Farm Girl Vintage Sew Along 2020 - Finished Quilt with Scalloped Border

At the end of February, the borders and sashing were pieced, the quilt top was finally assembled and delivered to the local longarm quilter for a small bit of custom quilting.  Two years to the month and here we are... the Farm Girl Vintage Sampler quilt is completely finished!  We started in March 2018, and two years later in March 2020, it's all sewn, quilted and bound.  Isn't it exciting!?  This quilt is probably the most time-laborious project I've ever sewn, and it's certainly the most tedious with all the sampler block piecing.  However, I am beyond thrilled with the entire project, including the scalloped border!  I have been so anxious for how it would turn out, but with time, patience and a lot of ironing, I am happy to present to you a step-by-step photo tutorial for how it can be achieved.

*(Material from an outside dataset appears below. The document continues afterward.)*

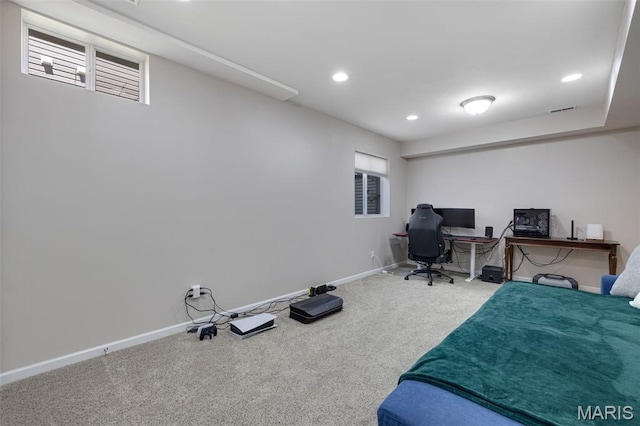 1051 Timber Creek Ln, Imperial, MO 63052 - bedroom featuring carpet flooring, recessed lighting, and an office area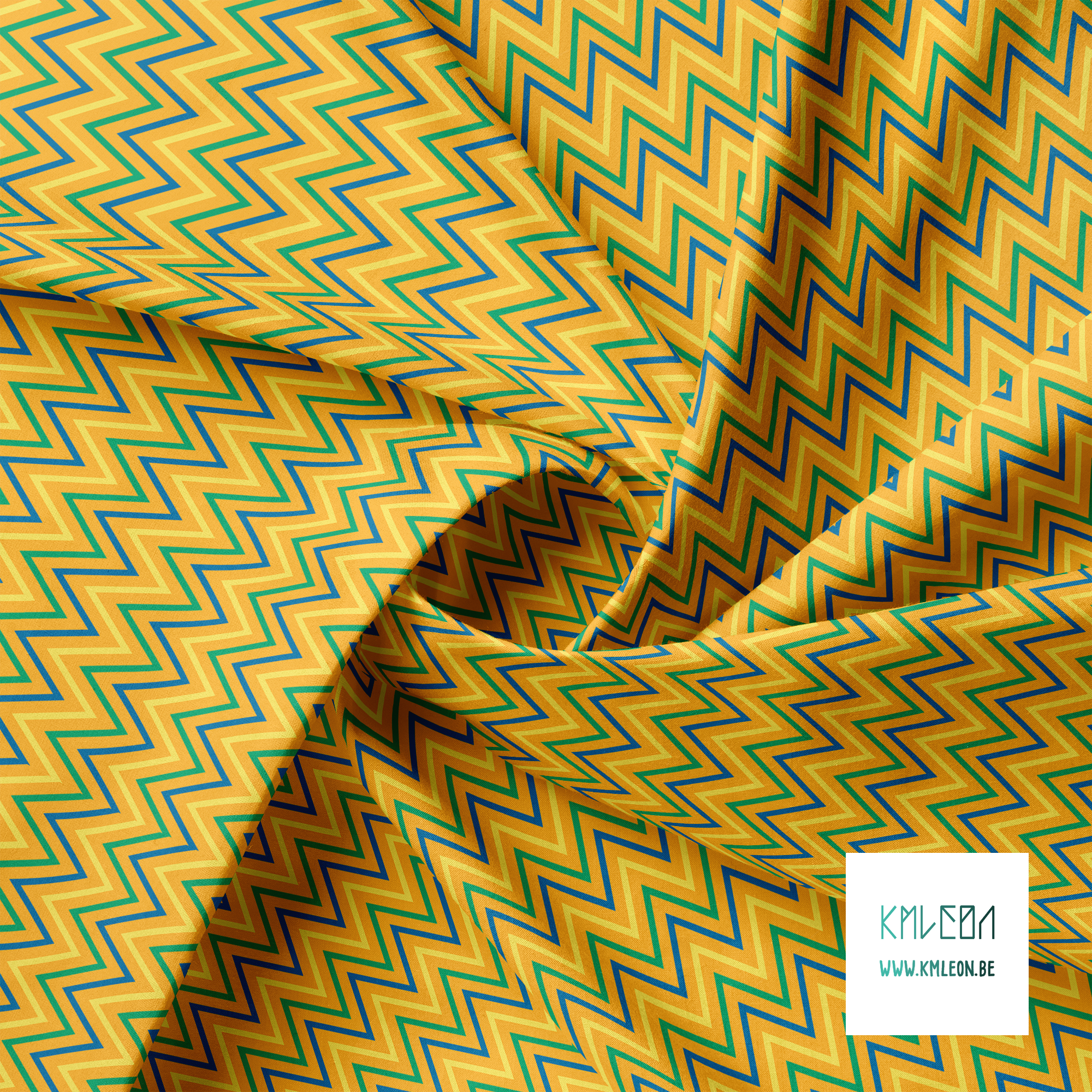 Yellow, green and blue chevron fabric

Psssst! If you're just joining us and want to get in on the fun, you can always start at the beginning of our series at your own pace.  Grab some Lori Holt fabric and accessories, as well as the two featured books here!

  

 

SCALLOPED QUILT BORDER - Step-by-Step Tutorial 

Tools Needed:

  1. Measuring Tape
  2. Long Cutting Ruler
  3. Sewline Erasable Fabric Pencil
  4. Quilt-In-A-Day Scalloped Border Ruler 
  5. Washi Tape
  6. Small Pair of Scissors
  7. Walking Foot
  8. Enough Bias Binding for your quilt (click here for simple tutorial).  
    * Bias binding can be cut to the standard width of 2 1/2" or 2 1/4" for traditional double-fold quilt binding, or you can trim it to 1 1/2" for sewing it as single-fold binding, like I used in tutorial below.

 

STEP 1:

Watch this tutorial first about how to use the Scallop Ruler

Measure quilt side edges plus top & bottom edges and calculate how many scallops you wish to have on each border side.  Because my quilt was square, math calculations were pretty simple.  With it being 8 blocks by 8 blocks, my quilt measured 75" square, including the border, so I decided to have 10 scallops per side. This means my scallop measurement will be 7 1/2".  The video tutorial above will help with calculations.

 

STEP 2:

(It is assumed that the final quilt border is precut to the preferred width and sewn onto the quilt.)   Once the quilt top is all sewn and before quilting, begin marking your scallops all the way around.  Start, by drawing a 45-degree angled line from each inner corner to outer corner of the outside quilt border.  Drawing this before quilting will help the longarm quilter know the boundaries and allow for any custom quilting, if desired.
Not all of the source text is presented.